Senate Democrats pushed nine different gun controls during the past six weeks, and ABC News has now emerged with a tenth gun law which they suggest may be the ringer.
That law would legalize firearm confiscation orders like those in Washington state. Such orders allow a judge to issue an ex parte order for the confiscation of an American’s firearms. This means the order can be issued without the firearm owner even being present for the process. His or her first knowledge of the order would come when police knocked on their door to sweep the house for firearms.According to ABC News, the orders are supported by Sandy Hook Promise, the gun control group to which Tim McGraw donated concert proceeds in July 2015. The firearm confiscation orders are also supported by Michael Bloomberg-funded Everytown for Gun Safety.
In fact, ABC News reported that Everytown claims “4,500 Americans died due to gun violence in August” of this year. This claim is misleading in a number of ways.
For one, it does not differentiate between Americans who die due to suicide versus those who die via gun crime, homicide. Gun crime only makes up one-third of gun deaths each year in America. Two-thirds of the deaths are suicides.

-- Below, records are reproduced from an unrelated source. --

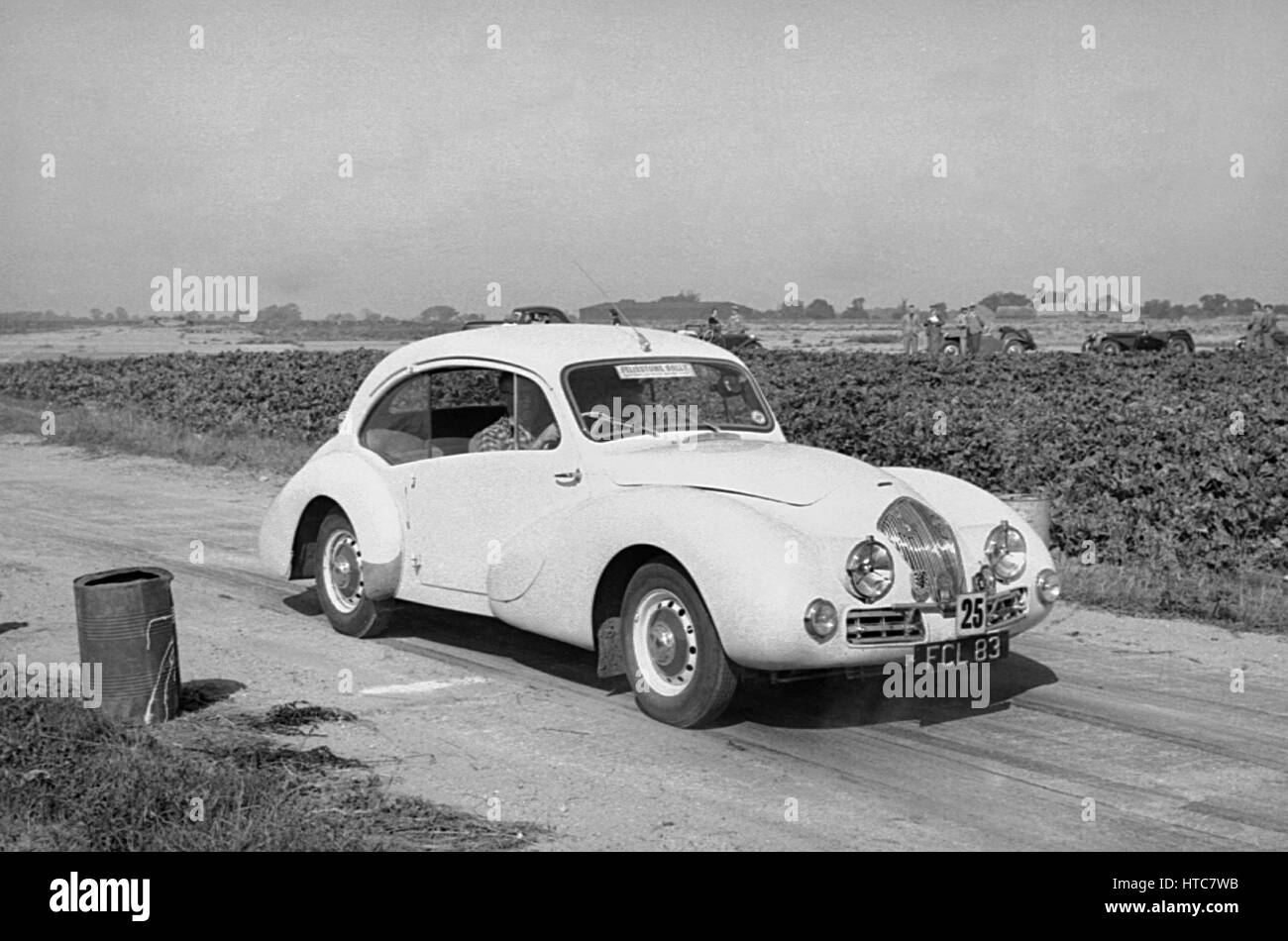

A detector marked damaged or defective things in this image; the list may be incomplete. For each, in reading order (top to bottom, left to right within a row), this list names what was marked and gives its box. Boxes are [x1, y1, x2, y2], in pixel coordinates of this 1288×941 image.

rusty barrel [994, 494, 1045, 546]
rusty barrel [72, 566, 181, 731]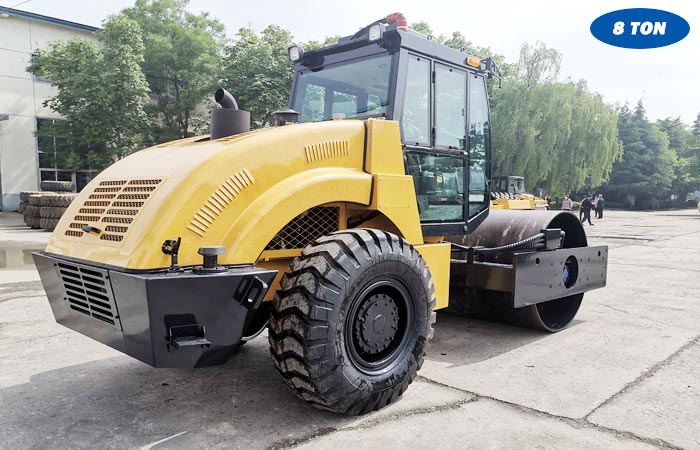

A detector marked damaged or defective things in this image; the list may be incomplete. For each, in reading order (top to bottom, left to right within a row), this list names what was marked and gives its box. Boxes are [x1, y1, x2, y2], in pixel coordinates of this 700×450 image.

cracked concrete ground [1, 209, 700, 448]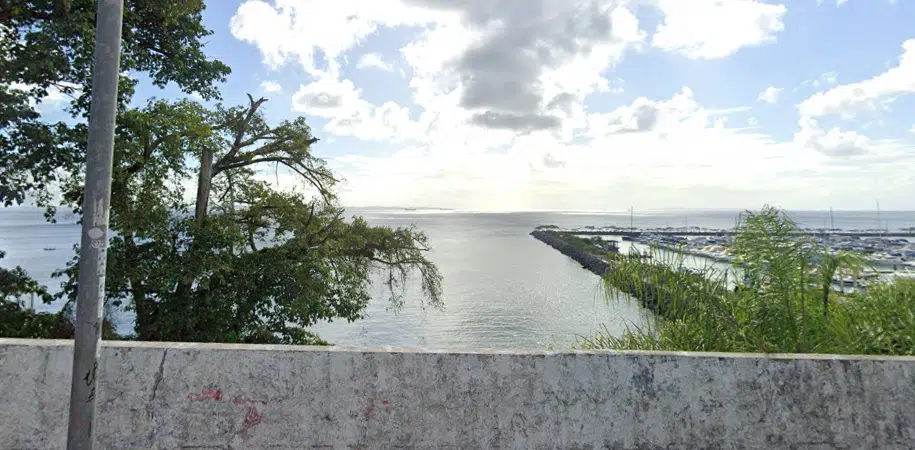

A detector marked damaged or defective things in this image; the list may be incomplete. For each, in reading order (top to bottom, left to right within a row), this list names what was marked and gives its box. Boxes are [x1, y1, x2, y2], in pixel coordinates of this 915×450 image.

cracked concrete surface [1, 340, 915, 448]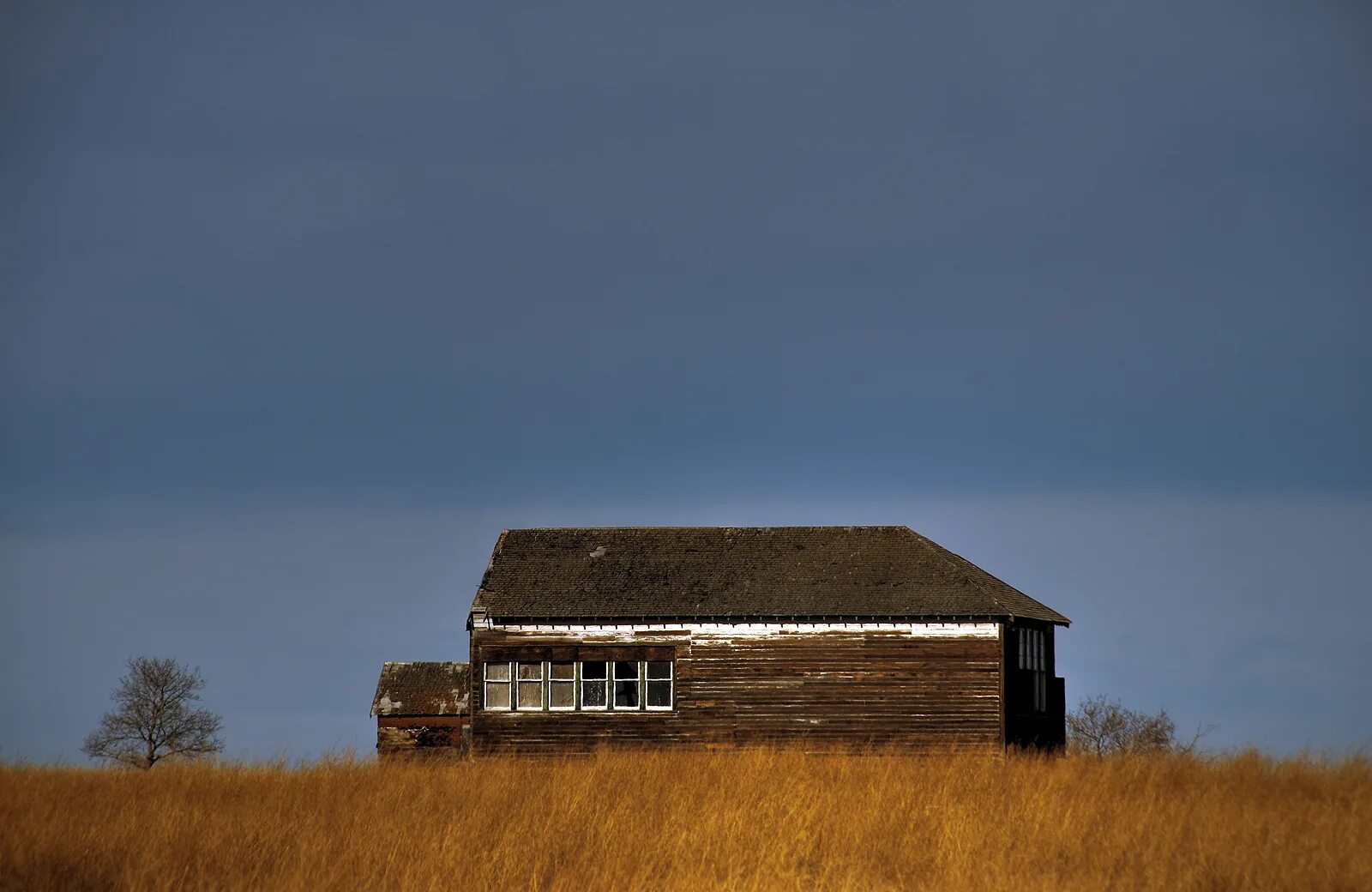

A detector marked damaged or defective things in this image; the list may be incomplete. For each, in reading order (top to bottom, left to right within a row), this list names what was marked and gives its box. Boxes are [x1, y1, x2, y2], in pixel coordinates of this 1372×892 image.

broken window pane [484, 683, 511, 710]
broken window pane [518, 683, 545, 710]
broken window pane [545, 679, 573, 707]
broken window pane [645, 679, 672, 707]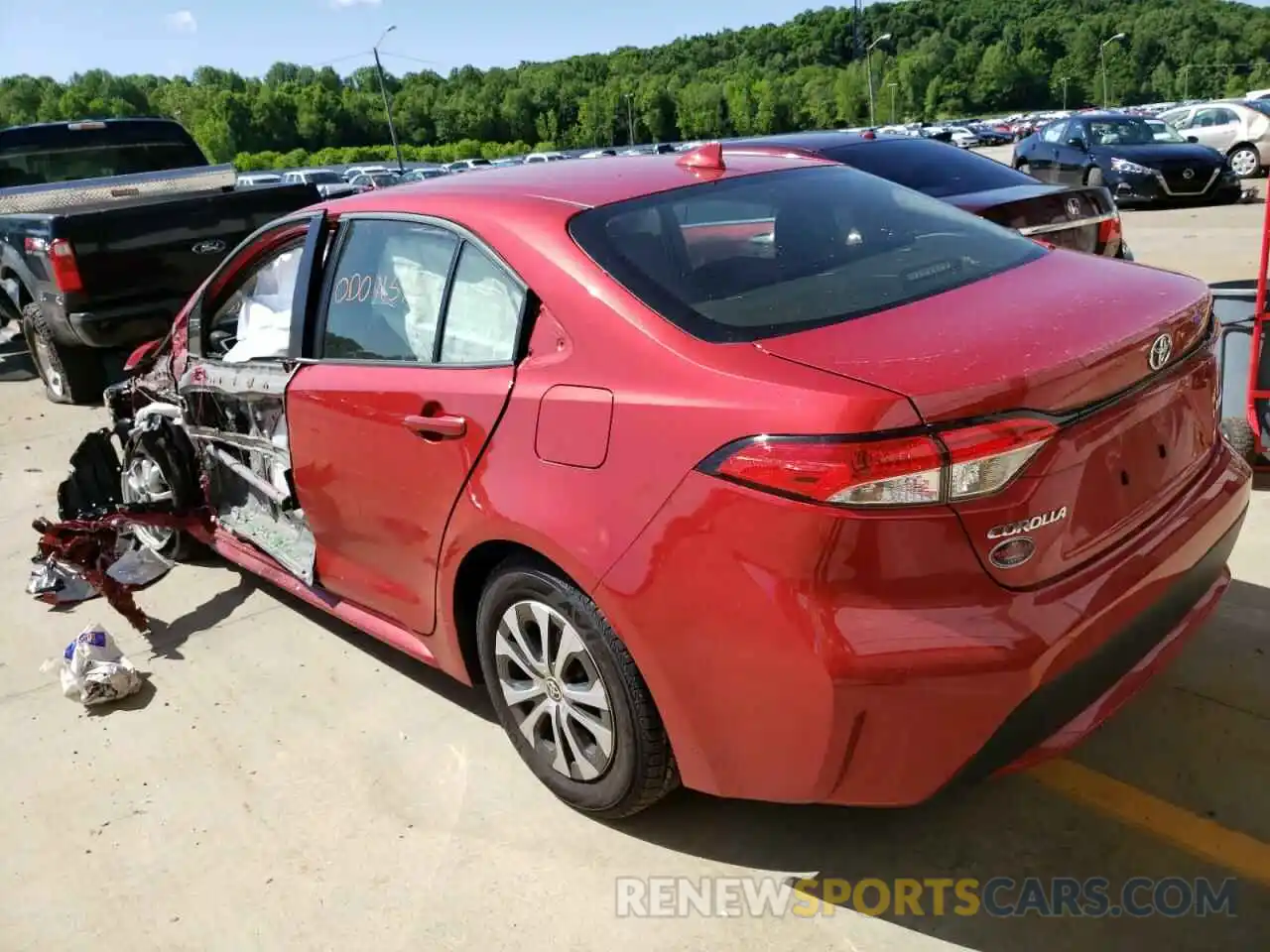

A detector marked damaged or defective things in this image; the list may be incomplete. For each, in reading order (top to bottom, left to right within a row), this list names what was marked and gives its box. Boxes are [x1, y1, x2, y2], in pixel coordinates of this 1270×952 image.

torn metal panel [179, 355, 318, 586]
damaged red sedan [76, 143, 1249, 822]
broken plastic debris [61, 627, 144, 710]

The second misleading aspect of claiming “4,500 Americans died due to gun violence in August” is that the annual average for gun deaths is 31,000 to 33,000 (and the vast majority of these are suicides, as previously noted). If 4,500 were being killed each month, that would push the total number of gun deaths to 54,000 annually, which is an outlandish claim.
In addition to Washington state, gun confiscation orders exist in Oregon, Connecticut, and California. They were passed in California after Elliot Rodger complied with every state and federal gun control on the books, then drove around Santa Barbara shooting people on May 23, 2014. UCLA law professor Adam Winkler spoke with the National Journal about the orders and explained that they would not have stopped Rodger nor would they have stopped Sandy Hook Elementary School gunman Adam Lanza. The reason in both cases is because family would have had to recognize the propensity for violence in the two attackers, for the purposes of securing a confiscation order, and there is no indication that either family did.
Professor Winkler put it this way: “The truth is that it is very rare to know in advance when someone is going to be dangerous with a firearm. This is not going to make a huge dent in our gun violence statistics.”